Aos 33 anos, Darlise Rosa tem até o 7º ano de estudo e seis filhas em idade escolar. Moradora de Roca Sales, no Vale do Taquari, teve sua casa condenada pela Defesa Civil após as chuvas que atingiram a região. Apesar do drama de ver seus bens destruídos (alguns deles que ainda estavam sendo pagos a prestações), a cozinheira abre espaço para uma preocupação que não é material.
"O futuro delas está na escola. Falo para elas todo dia. Não quero vê-las sofrendo que nem eu e o pai delas. Eu só trabalho em cozinha e não quero essa vida para elas. Quero que estudem, que tenham um futuro bom", disse Darlise ao Estadão.

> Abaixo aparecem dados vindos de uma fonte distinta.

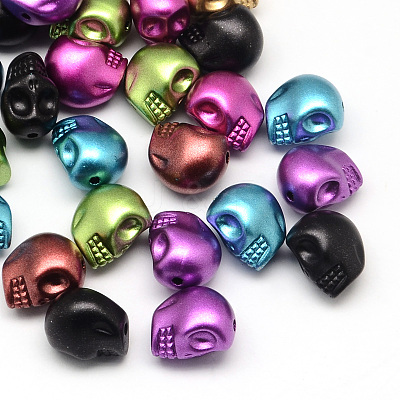 Matte Spray Painted Skull Acrylic Beads ACRP-Q017-02-1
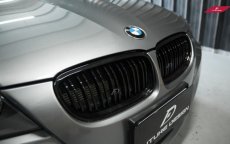 画像4: BMW 3シリーズ E90 E91 後期車 フロント用艶ありブラックキドニーグリル センターグリル (4)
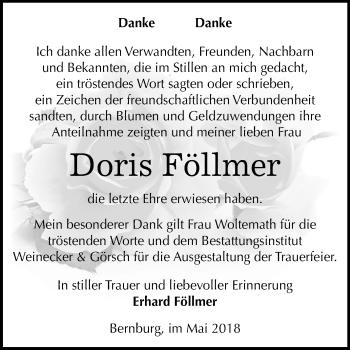 Traueranzeige von Doris Föllmer von Mitteldeutsche Zeitung Bernburg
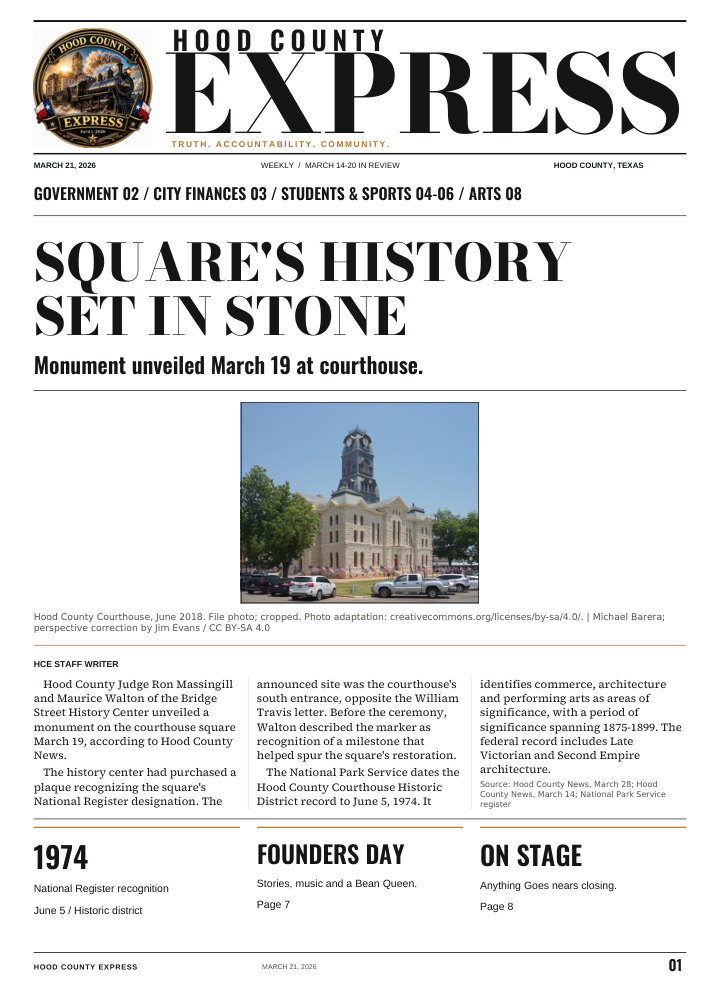 Hood County Express weekly cover, March 21, 2026: Square's history set in stone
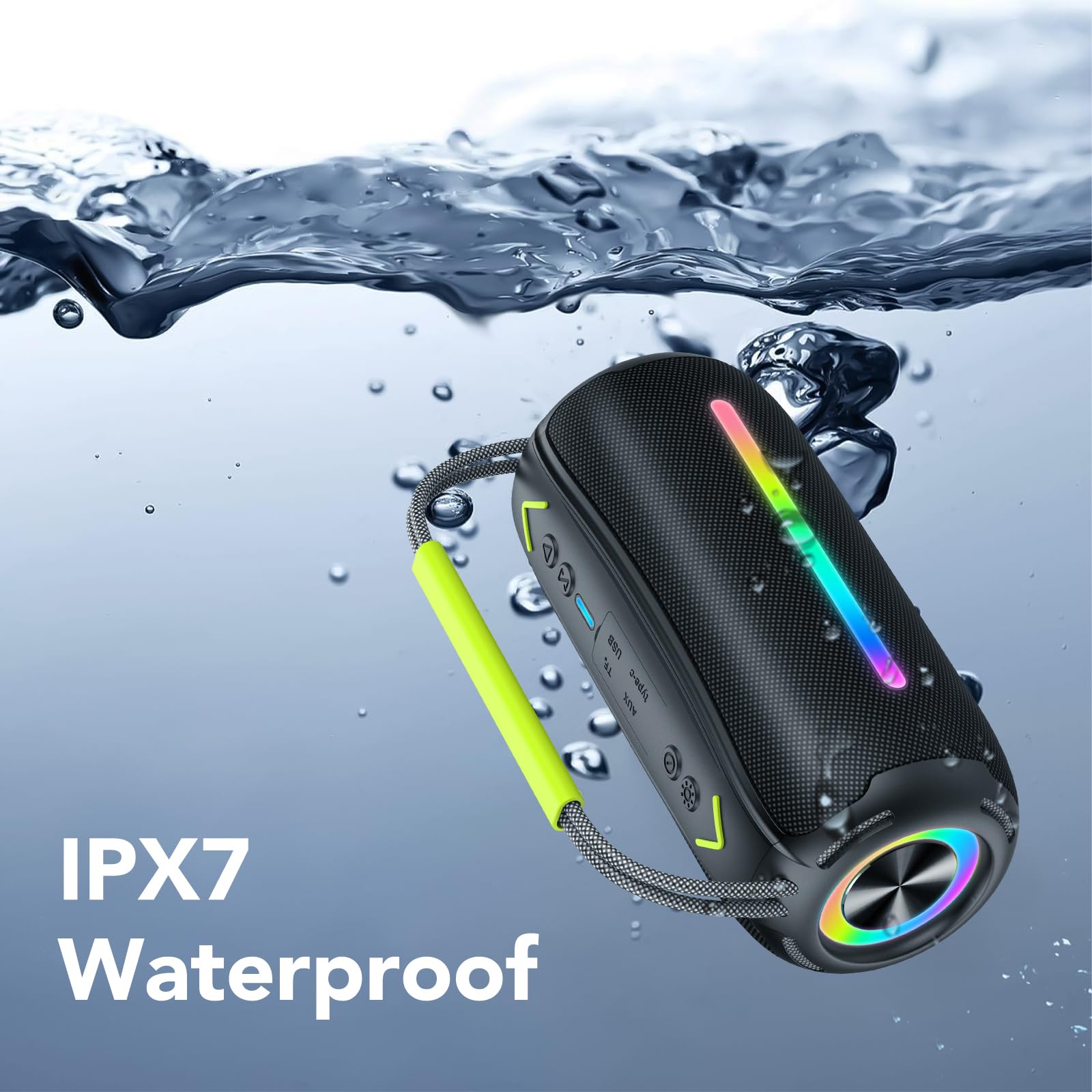 IKT Bluetooth Lautsprecher mit Tragegriff, 40W Musikbox Bluetooth Box mit Dualen Bass-Treibern, IPX7 Wasserdicht, RGB Lichter, TWS Kopplung, AUX, TF Karte, Geeignet Party/Outdoor/Reisen, Schwarz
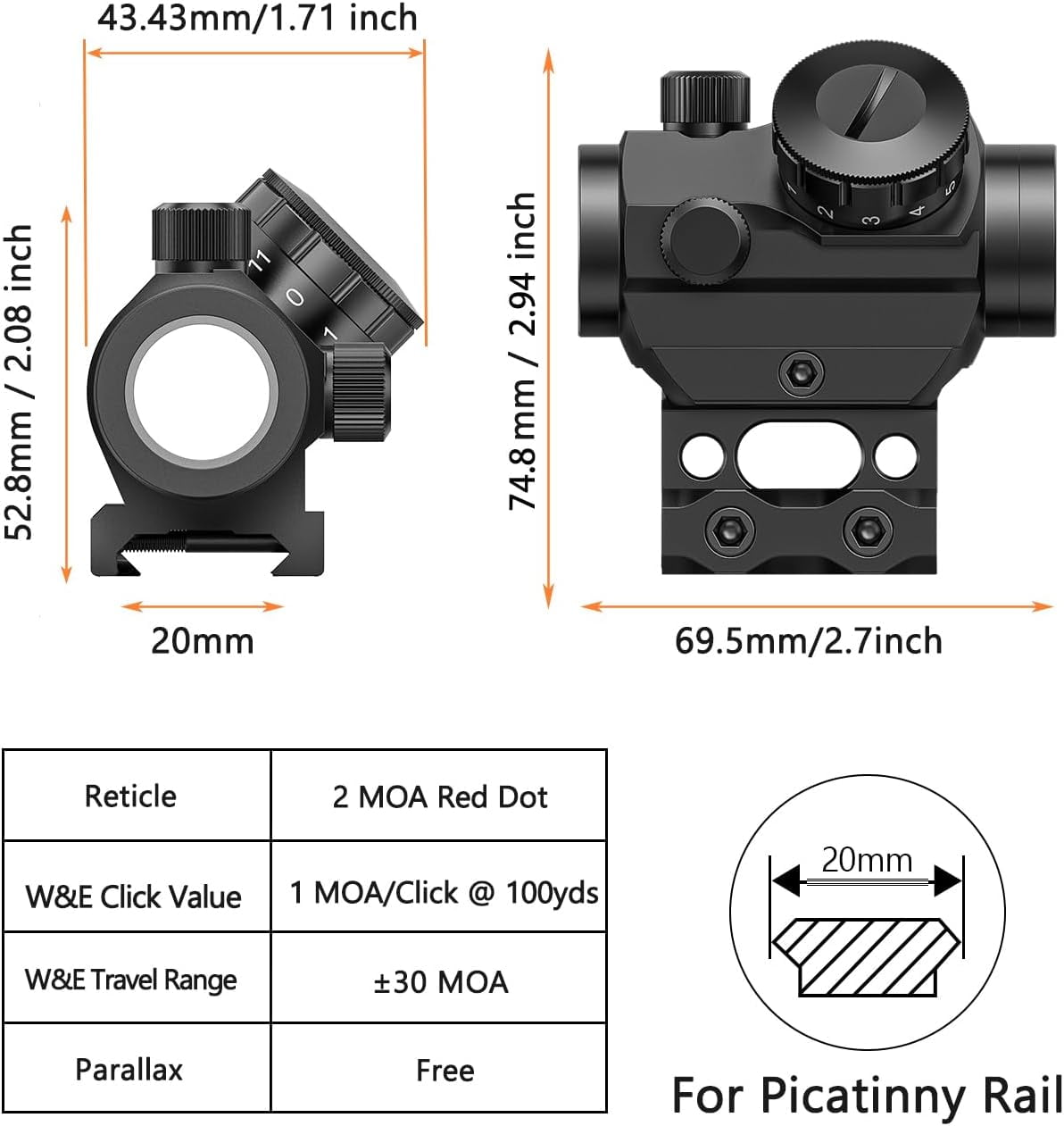 2MOA Red Dot Sight 1x25mm Reflex Sight Waterproof & Shockproof & Fog-Proof Red Dot Scope with 1 inch Riser Mount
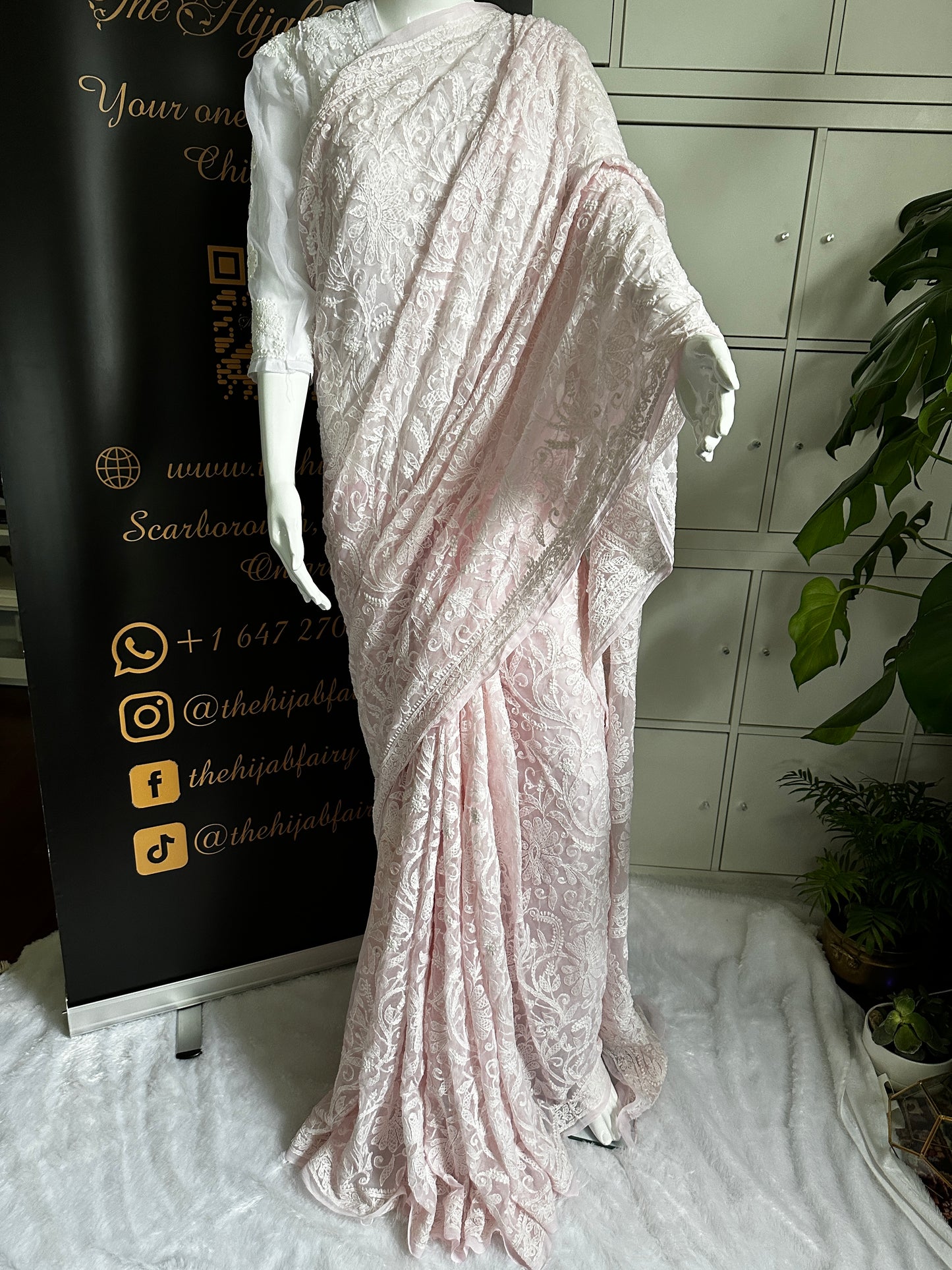 Pink - Full Jaal Saree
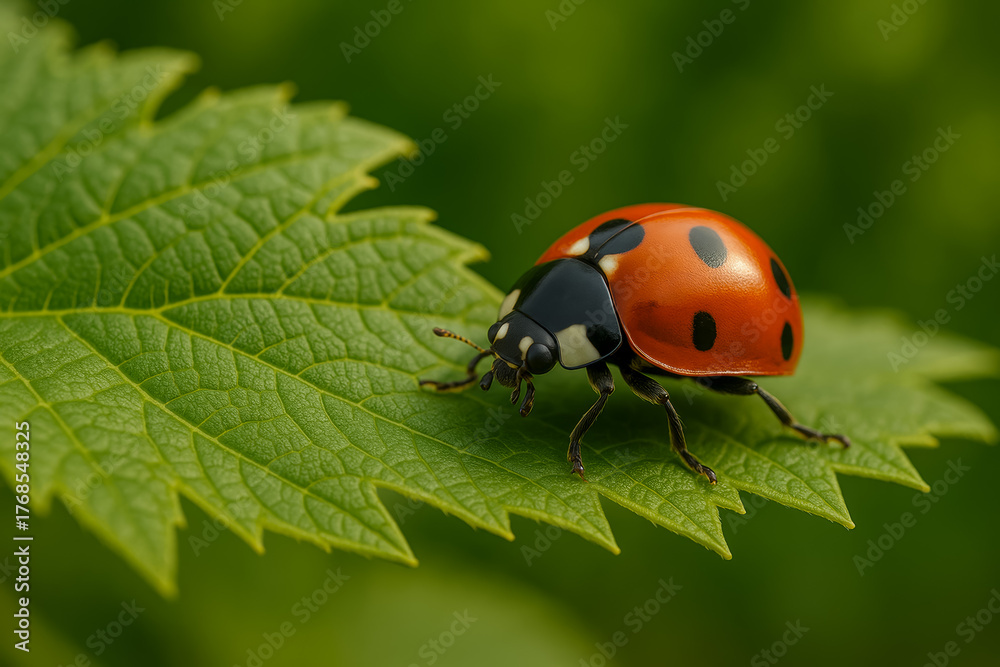 Fototapeta premium Close-up of a ladybug crawling on a green leaf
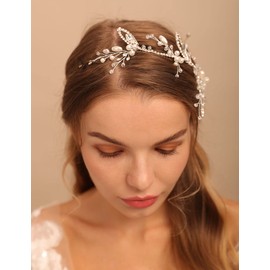 Deniferymakeup Rhinestone Pearls Wedding Hair Accessory Crystal Headband for Bride Crystal Leaves Hairstyles for Wedding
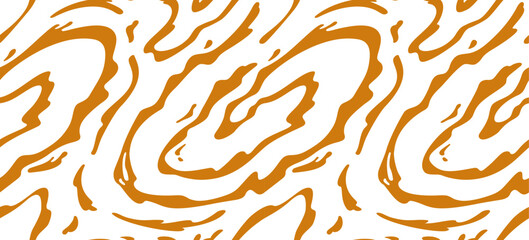 Leinwandbilder - Wavy Caramel Pattern. Vector Swirl Toffee Splash Background. Abstract Illustration of Liquid Salted Caramel, Melted Peanut Butter, Sweet Honey, Chocolate Milk or Maple Sauce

Com boa parte das aulas suspensas, risco à aprendizagem, crianças e professores abalados, a rede escolar do Rio Grande do Sul parece estar de volta a 2020, quando a pandemia da covid-19 fechou escolas em todo País. O panorama, no entanto, é o registrado nesta semana, após uma enchente histórica afetar o Estado e impactar pelo menos 378 mil alunos só na rede estadual, deixando parte desta geração mais uma vez sem acesso à educação.
Uma das instituições que virou escombro é a Escola Estadual Padre Fernando, onde estudam três das seis filhas de Darlise. A escola foi atingida pela primeira vez na enchente de setembro do ano passado, quando os alunos passaram a estudar no salão paroquial de uma das igrejas de Roca Sales. Com a nova enxurrada do início de maio, a esperança de retorno dos alunos ao prédio original se foi junto com as águas.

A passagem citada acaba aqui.